スケジュールでございますけれども、連休を超えて5月半ばにはいったんとりあえずの中間
的なまとめをしたいなと思っているところでございます。そのタイミングでの内容は、前回議
論いただきました検討に当たっての前提を含む総論的な考え方、それから2つ目が具体的な制
度についての考え方ということでございます。
3つ目が以上を踏まえた複数のオプション案ということでございます。検討につきましては
ぜひ具体的にやっていきたいと思っております。住宅の展示場の前をうろうろするのではなく
て、6軒か7軒バーチャルでございますけれども実際にモデルハウスをつくってみて、そこに
-3-
入るとどうなるのだろうということでの議論の方がはるかに実りが多いと思っておりまして、
さまざまなモデルをつくり上げて、いい点、悪い点をご議論いただきたいと思っておりますし、
またそういったものをまとめにぜひ入れたいと思っております。実際に具体的でないと意味が
ないと思っておりまして、小田原と箱根の間を走ると言っても5区を走るのか、6区を走るの
かで全く違ってまいりますので、ぜひ具体的な話を詰めていただきたい。そんなふうに思って
いるところでございます。本日もどうぞよろしくお願いします。
○大塚座長
ありがとうございました。それでは、早速、議題1、国内排出量取引制度の論点
についてに入りたいと思います。まず初めに山田委員、則武委員から順にご説明をお願いいた
します。これに対する質疑を行った後、事務局からの説明を伺います。では山田委員、ご説明
をお願いいたします。
○山田委員
本日はこのような貴重な機会を与えていただきまして誠にありがとうございます。
今、南川局長からございましたけれども、まさに排出量取引制度の話については具体的な事実、
あるいは日本の置かれた環境、こういったものを踏まえながら議論しないと机上の議論になり
やすいと思っておりまして、そういう意味では今回、機会を与えていただきまして誠にありが
とうございました。
それでは、資料に基づきまして説明していきたいと思います。1枚おめくりいただきまして、
まず2ページ目ですけれども、これは世界の鉄鋼業の生産状況を表した図であります。1997年
京都議定書が採択されたとき、日本も中国もほぼ1億トンという状況でございました。その後
の10年間に中国はなんと5倍になり、日本は微増といった状況であります。中国をはじめとす
る途上国がぜひとも枠組みに参加しないと意味がないというのがこういった状況からもお分か
りいただけると思います。
3ページ目、4ページ目、この辺は鉄鋼業のこれまでの省エネ努力を表しています。特にオ
イルショック以降、省エネ20%を達成した上で、今10%に向けて努力しているということでご
ざいます。
4ページをお願いいたします。ここは分かりにくい資料かもしれませんが、鉄鋼業の省エネ
の取り組みの全容を表しております。左の上、工程の連続化、省略、こういった実質的な省エ
ネについてはほぼやり終わってきた。その後、副生ガスの回収強化あるいは廃熱の回収、これ
によって発電する。そういった対策を打ってきております。ここが日本と欧米が大きく異なる
ところであります。欧米では廃熱回収設備はほとんど普及しておりません。それとさらに右の
下ですが、資源リサイクル、廃プラ、廃タイヤ等、社会で発生したそういったものを有効利用
-4-
している。こういったことも通じてエネルギー効率を上げてきているということでございます。

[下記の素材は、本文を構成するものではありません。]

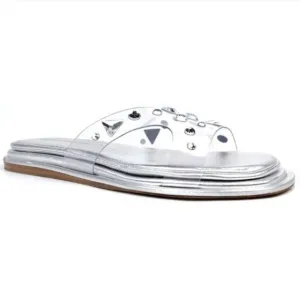 Tamara Mellon Stellaire 90s Pillow Slide Sandals Clear And Crystal Silver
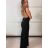 Šaty elegantní společenské na ramínka dámské (S/M ONE SIZE) ITALSKÁ MÓDA IMPMD2624439/DUR S/M Černá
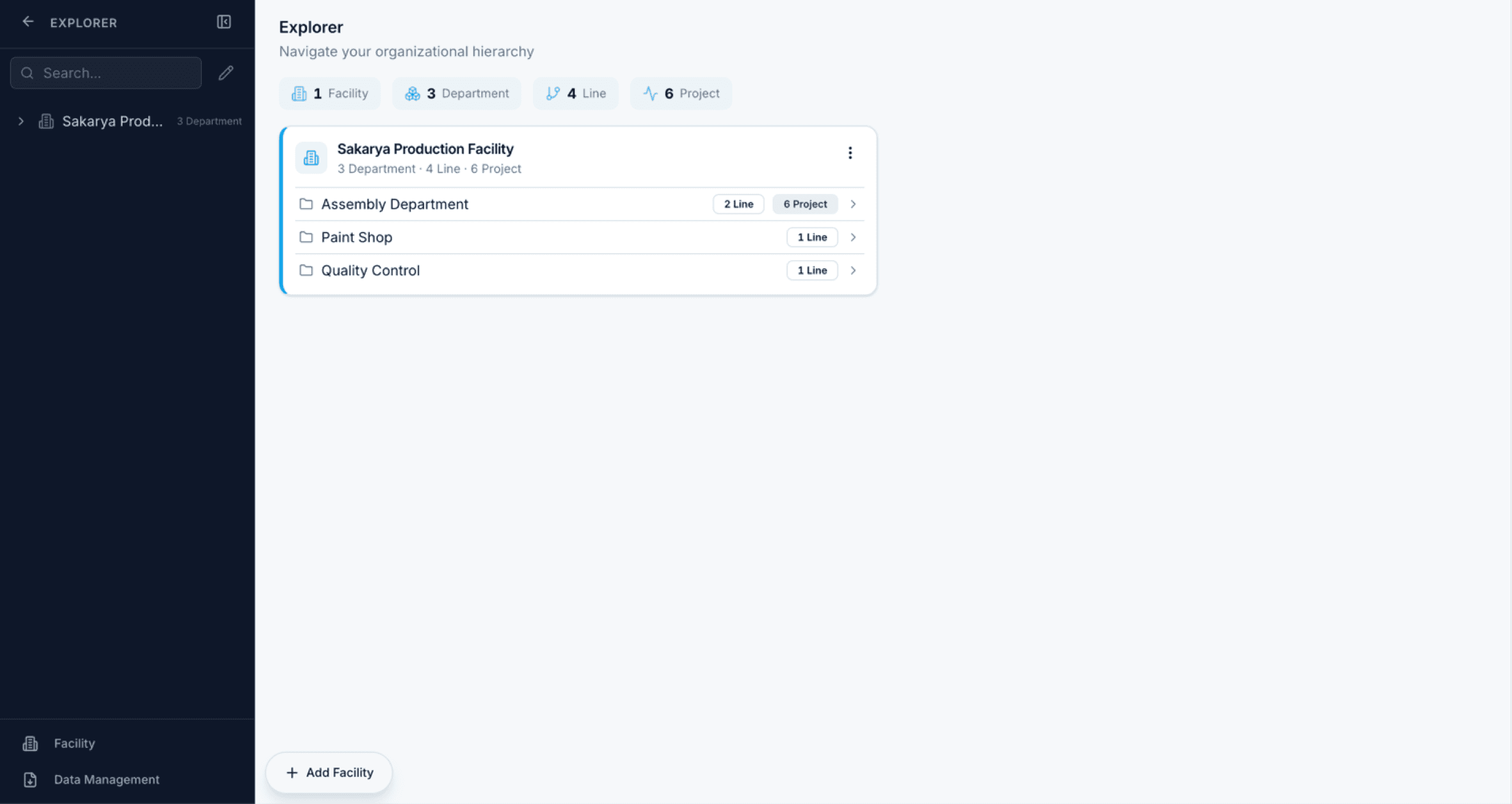 Yamazo Studio organizational explorer — facilities, departments, lines and stations in a hierarchical tree for video time study analysis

5ページをお願いいたします。これは鉄鋼業のエネルギーの総量の推移を表しております。
グラフの下に粗鋼生産量が書かれております。90年1億1,000万トン、それが足下では1億
1,800万トンということで5%強増えております。
全体の生産量が5%増える中で、総量について2006年-5.2%ということになっております。

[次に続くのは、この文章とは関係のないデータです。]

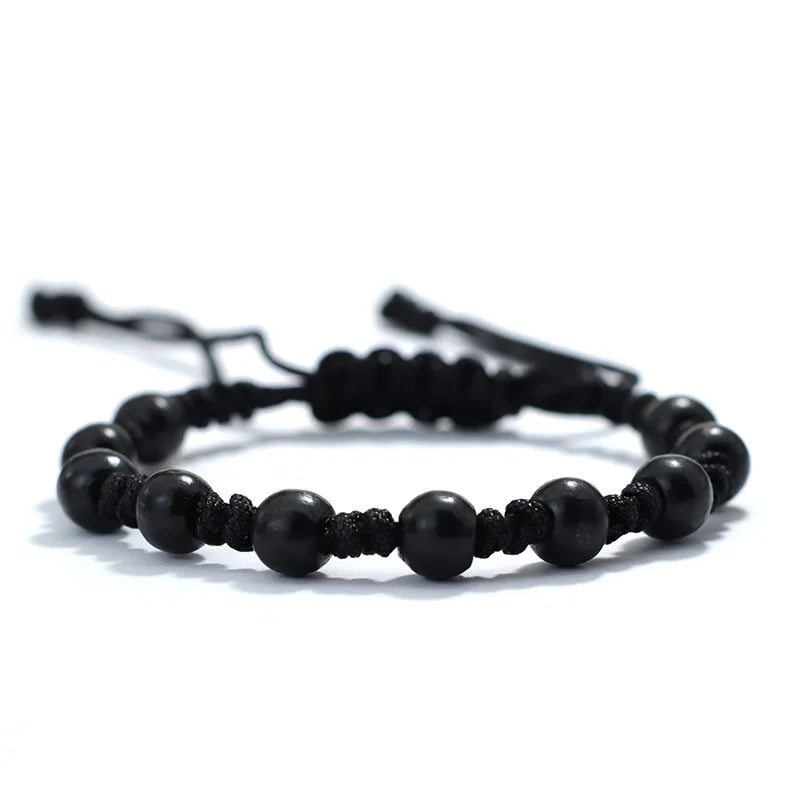 Geflochtenes Holzperlen‑Armband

1枚めくっていただきます。次にCO2につきましても同じ状況でございまして、-5.1%
ということになっております。
一方、原単位で見ますと、先ほど生産量が5%増えている中で総量として5%減らしたとい
うことを申し上げましたが、原単位については着実に削減してきておりまして、10%を上回っ
ているという状況でございます。
さらに8ページをお願いいたします。こういったオイルショック以降の努力の積み重ねに
よって国際的なベンチマークをしてみるとどういったポジションになるのかというのが8ペー
ジでございます。これは粗鋼トン当たりに必要とされる石油換算の量でございます。日本が
0.59、これに対しましてヨーロッパ0.7前後、アメリカ、一番左側ですが0.74。あるいは中国
等については右から3番目ですが0.76ということで、いずれも日本よりも15%から20%、途上
国においてはさらに悪いといった状況であります。
9ページをごらんいただきたいと思います。先ほど排熱回収、副生ガスの回収、その辺が違
うんだということを申し上げました。主要な設備で申し上げますと、一番左側に連続鋳造設備、
これはまさに設備の連続化、省力化をやってきたということでありますが、こういった設備に
ついてはどの国についてもある程度普及しております。
2番目のコークス炉ガス回収、ガスも有益なエネルギー源でございますのでかなり回収され
ている。ところが転炉ガス回収、これは濃度が薄いものですから非常に使いづらい。あるいは
コークス乾式の消火設備等々については日本・韓国等では普及しておりますけれども欧米ある
いは途上国では普及していない。したがって、こういった設備を普及されることによって大幅
な削減ができるということでございます。
前のページの8ページの下に書いてありますけれども、日本並みのエネルギー効率にすれば
世界全体で約3億トンのCO2の削減が可能である、そういった試算もございます。
さらに10ページ目はそれらを国別に評価したものです。
11ページをお願いいたします。以上のような状況にある中で京都議定書において鉄鋼業への
影響がどうなっているかを表したグラフであります。棒グラフの緑が排出に制約があるところ。
-5-
赤が制約がないところ。世界の生産量2,000万トン以上のトップメーカーをここでは抽出して
おります。
1番のアルセロール・ミッタル、これはヨーロッパで3分の1生産しておりますので、ここ
では制約がある。その他では制約がないということであります。日本・新日鉄、JFE。4位
以下、韓国、中国、米国、いずれも義務がない、あるいは批准していないということで制約が
ありません。アルセロール・ミッタル、ヨーロッパの企業はヨーロッパでは制約はありますけ
れども、少なくとも第1フェーズではキャップが非常に緩かったということで、逆に売却して
おります。したがって今現在では世界の鉄鋼業の中で制約があるのは日本のみであるといった
実態であります。
もう1枚めくっていただきます。そういった状況の中で日本の鉄鋼業は今までご説明したよ
うに世界最高のエネルギー効率にありますが、自主行動計画達成のために4,400万トンの排出
権を購入しております。今の価格が2,000円~3,000円程度と想定されますので、約1,000億の
負担をしているということであります。その他の国は制約がないということでございます。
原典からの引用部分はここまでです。